• [ABOUT THIS TASK] Return every line of the listing, exactly as it reads.

• [GIVEN INFORMATION]
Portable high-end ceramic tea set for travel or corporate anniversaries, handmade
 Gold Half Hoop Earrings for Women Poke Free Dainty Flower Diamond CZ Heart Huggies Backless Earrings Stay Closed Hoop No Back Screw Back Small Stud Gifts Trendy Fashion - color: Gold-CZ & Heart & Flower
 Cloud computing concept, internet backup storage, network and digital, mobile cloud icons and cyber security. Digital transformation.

• [ANSWER SPACE]
Portable high-end ceramic tea set for travel or corporate anniversaries, handmade
 Gold Half Hoop Earrings for Women Poke Free Dainty Flower Diamond CZ Heart Huggies Backless Earrings Stay Closed Hoop No Back Screw Back Small Stud Gifts Trendy Fashion - color: Gold-CZ & Heart & Flower
 Cloud computing concept, internet backup storage, network and digital, mobile cloud icons and cyber security. Digital transformation.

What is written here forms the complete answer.